Wednesday, August 12, 2009

science phobia

One of B's students opined the other day that he hates science and finds it difficult. I find this weird: is not the entire structure of modernity - our worldview - based on the paradigm of scientific inquiry and rational explanation? Are we not completely saturated in every aspect of our lives with a belief in rationality and human progress in knowledge?

I assume that the scientific method is taught in grade school, and I know that students in the primary grades are also taught to justify claims with evidence. However, while modernity may operate on a "verify the facts" basis, students don't always internalize this.

Are people in general LESS convinced of the scientific method? One sees the new agey stuff, polls that suggest people believe in miracles and UFOs and Elvis sightings and the power of crystals. But in fewer or in greater proportions than in previous decades?

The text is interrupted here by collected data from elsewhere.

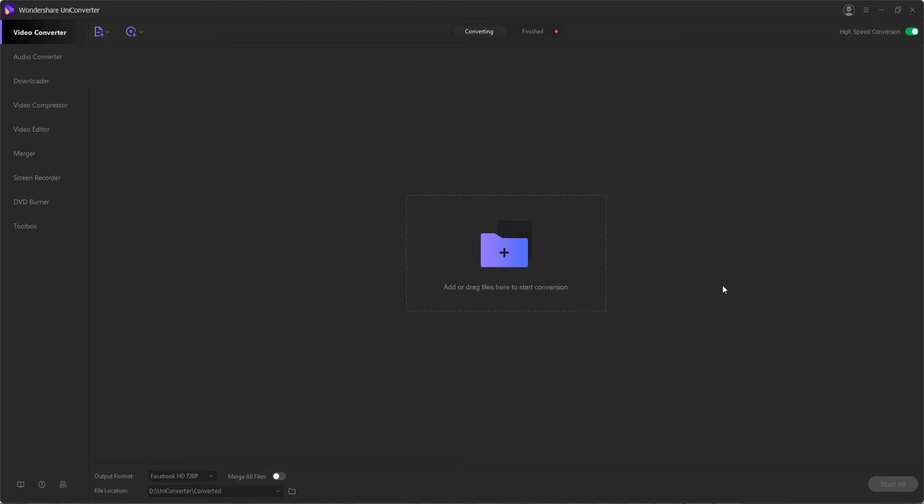Wondershare Uniconverter allows you to convert such videos from your Android or iOS devices to any format of your preference in the following easy steps. Of course first you want to launch Wondershare Uniconverter itself, and then inside the video converter tab.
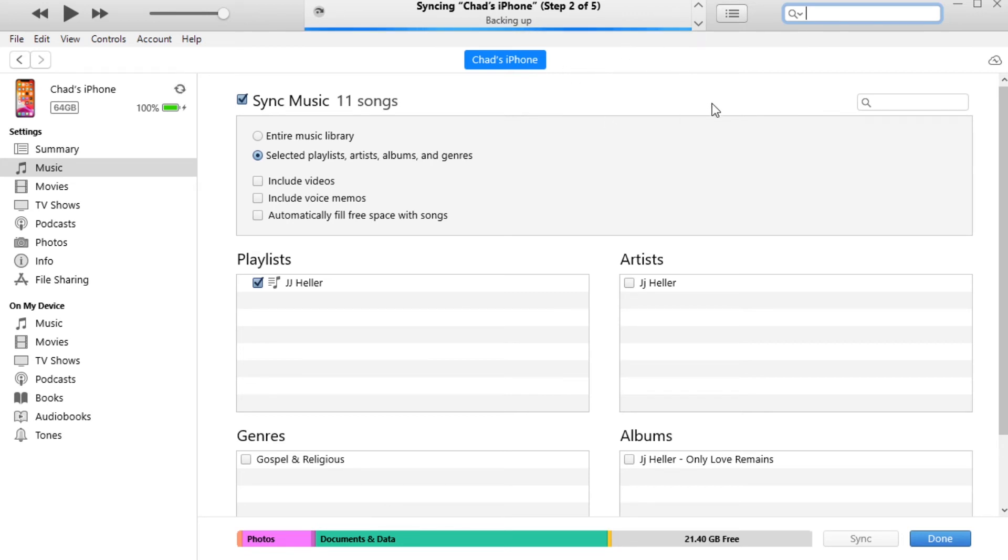So I'm just gonna wait for this to go ahead and shoot through, and I'll cut back to the end of it and make sure that everything is actually up and synced to my phone.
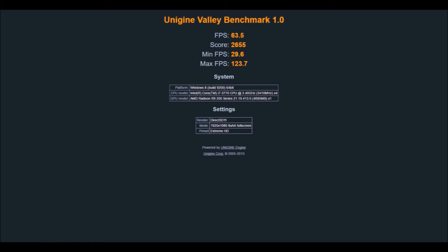However, I went ahead and overclocked the R9 290 a little bit as well — note this is without any voltage adjustments — and I managed to get the score up to 2655, max FPS 123.7, and minimum 29.6 with an average of 63.5. So just with a little bit of overclocking, without even adjusting the voltage, I was able to get the R9 290 above the 1060. In this benchmark, it seems they're about the same, but we'll see what happens when we compare them in Fire Strike.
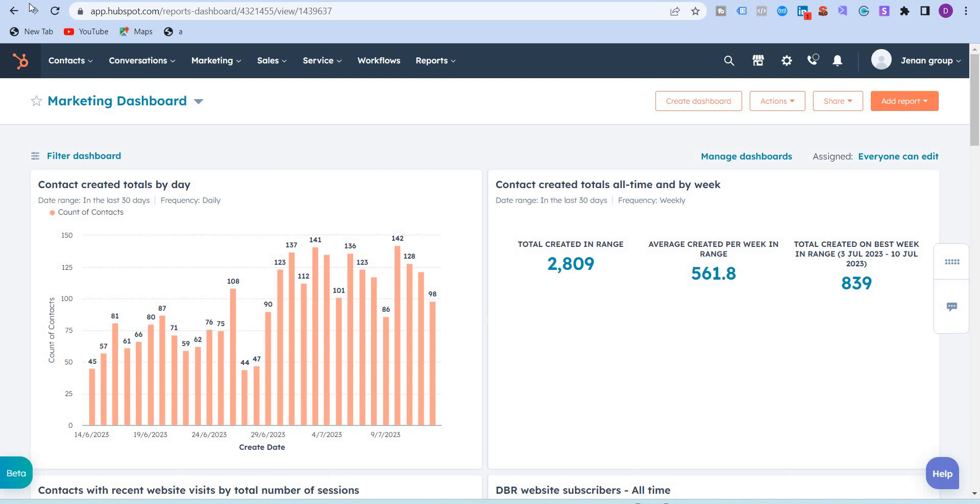HubSpot has launched its own AI tool known as Content Assistant, which can simplify your content strategy, enhance productivity, and drive content success. In this video, I'm going to show how you can use the Content Assistant tool.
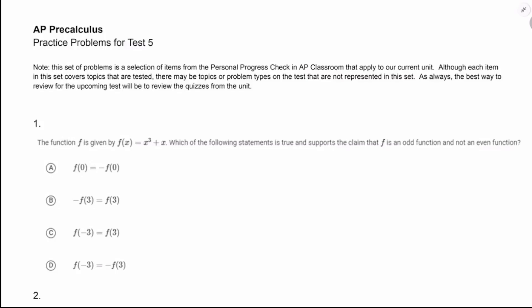Welcome. In this video, I'm going to be working through the practice problems for test 5 for AP PreCal. This is all about algebra of functions, composition of functions, inverse functions, transformation of functions, and even and odd functions. This is a good practice set, but as always, you're going to want to be reviewing the quizzes from the unit as well.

Plus our media-saturated culture encourages us to accept "truth" as frequency of message rather than evidence supporting it: "If you say it often enough people will believe it."

I can't help thinking that science phobia at its most elemental equals lack of curiosity about how things work, and THAT is really scary, but lack of curiosity is what I observe in many of my students. Many of them accept the world as it is and have no interest in WHY things are the way they are.

My Marxist colleagues make this a class issue, something along the lines of "our working class students are too oppressed to imagine a world in which they have the power to change." But for me, college is exactly the first step: the knowledge of WHY the world is as it is is the beginnings of power to imagine and effect change.